La deriva action di GZ è innegabile (si pensi alla slow mo per eliminare le guardie allertate), e per quanto si sposi alla perfezione con la concezione open world del titolo di Kojima, il ridimensionamento del gameplay effettuato (niente indicatore di mimetismo/hiding, niente scatoloni, non si bussa più alle pareti) sacrifica sensibilmente la componente stealth del titolo… Certo, finire GZ come fantasma è ancora possibile (e faticoso), ma si tratta essenzialmente di aspettare il momento buono per passare da una copertura all’altra senza la profondità, ad esempio, riscontrata in Snake Eater. Se lato narrativo siamo di fronte ad una storia di sicuro impatto, con momenti epici e altri altrettanto struggenti, l’assenza di una conclusione – riassumibile con un To Be Continued in The Phantom Pain, unita all’assenza di una boss fight memorabile (uno dei marchi di fabbrica di Kojima Production) e di anche un solo cenno ad un Metal Gear tradiscono in parte lo spirito più puro della Saga.

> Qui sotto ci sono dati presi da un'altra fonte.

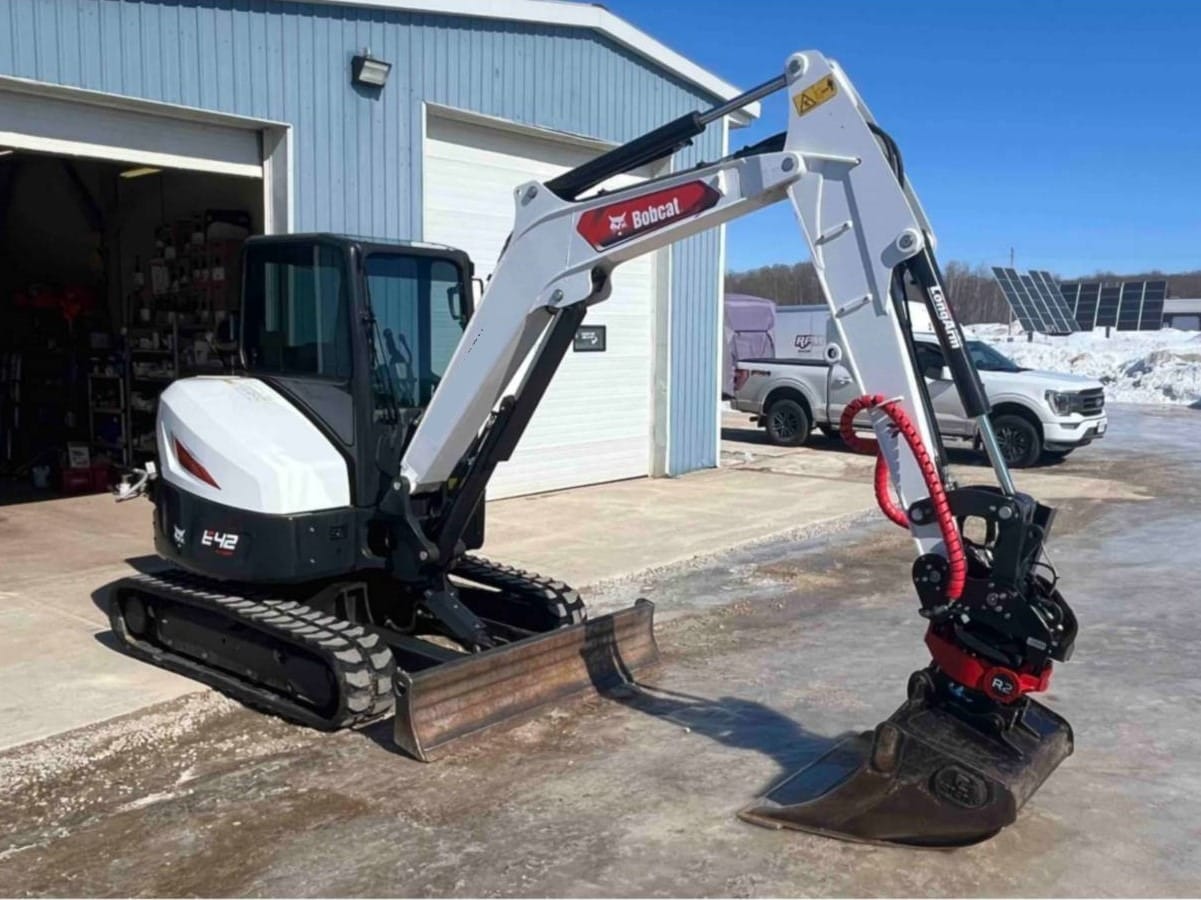 2022 BOBCAT E42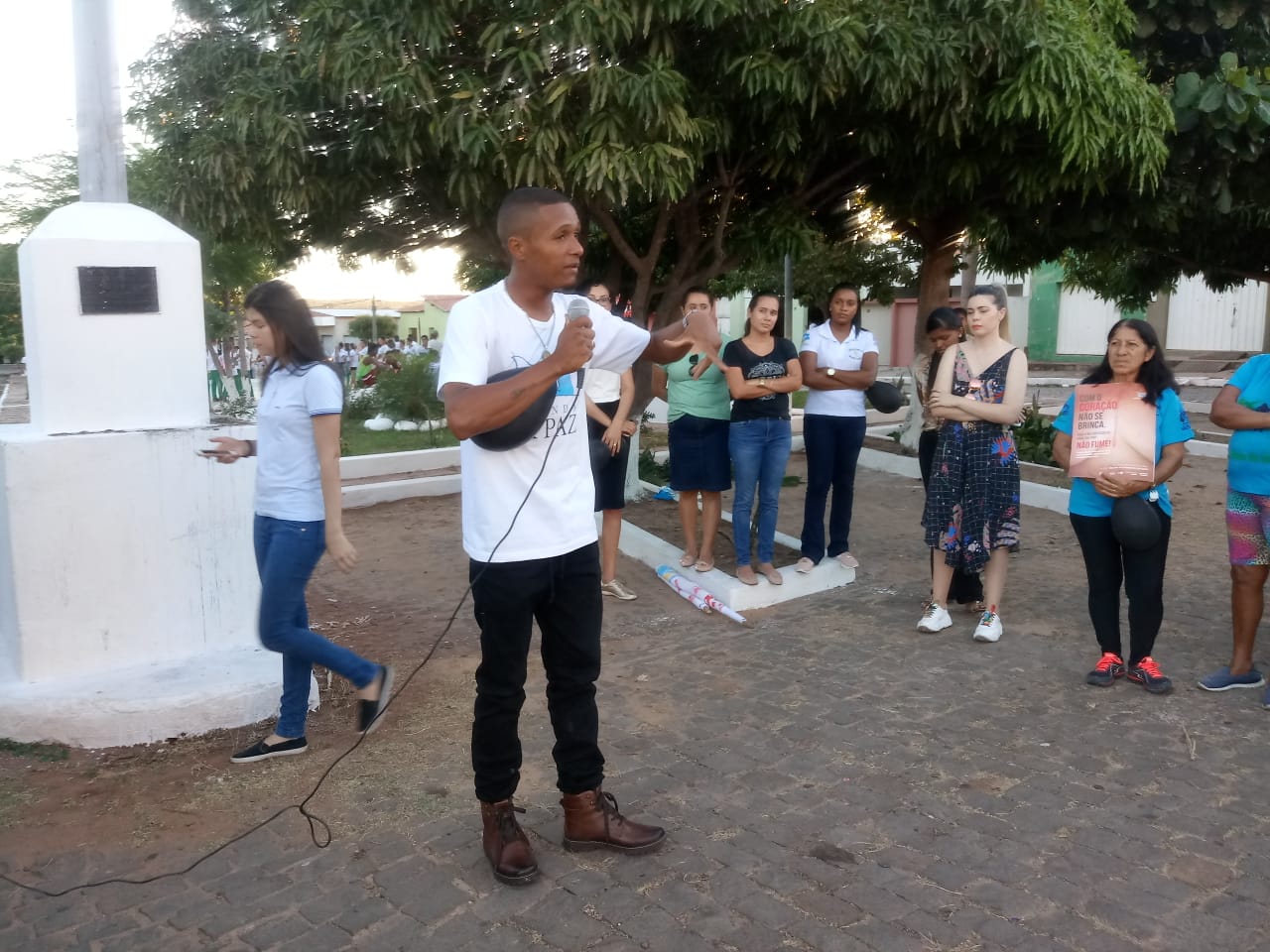 Secretaria Municipal de Saúde por meio do NASF realiza caminhada contra as Drogas em Ipiranga. - Imagem 4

Il vero problema, purtroppo, va ricercato nelle strategie di marketing abbracciate da Konami e Kojima stesso: vendere a 40€ un assaggio, un’introduzione fugace di quello che più in là sarà sicuramente un successo epocale è una scelta non solo opinabile, ma anche terribilmente rischiosa. E ok che difficilmente supererete il 10% di completamento raggiunti i credits la prima volta, che Ground Zeroes tracima segreti e che chiunque ambisca al perfect score troverà pane per i propri denti – il tutto a favore di un reply value non certo irrisorio. Ground Zeroes finisce troppo rapidamente sul più bello, rimandandovi più in là per vedere il resto: e posto che spetta a voi decidere se l’esborso richiesto sia o meno giustificato, dal canto nostro non possiamo certo chiudere un occhio sul rapporto quantità/prezzo di gioco. Nemmeno se dall’altra parte del bancone c’è Hideo Kojima.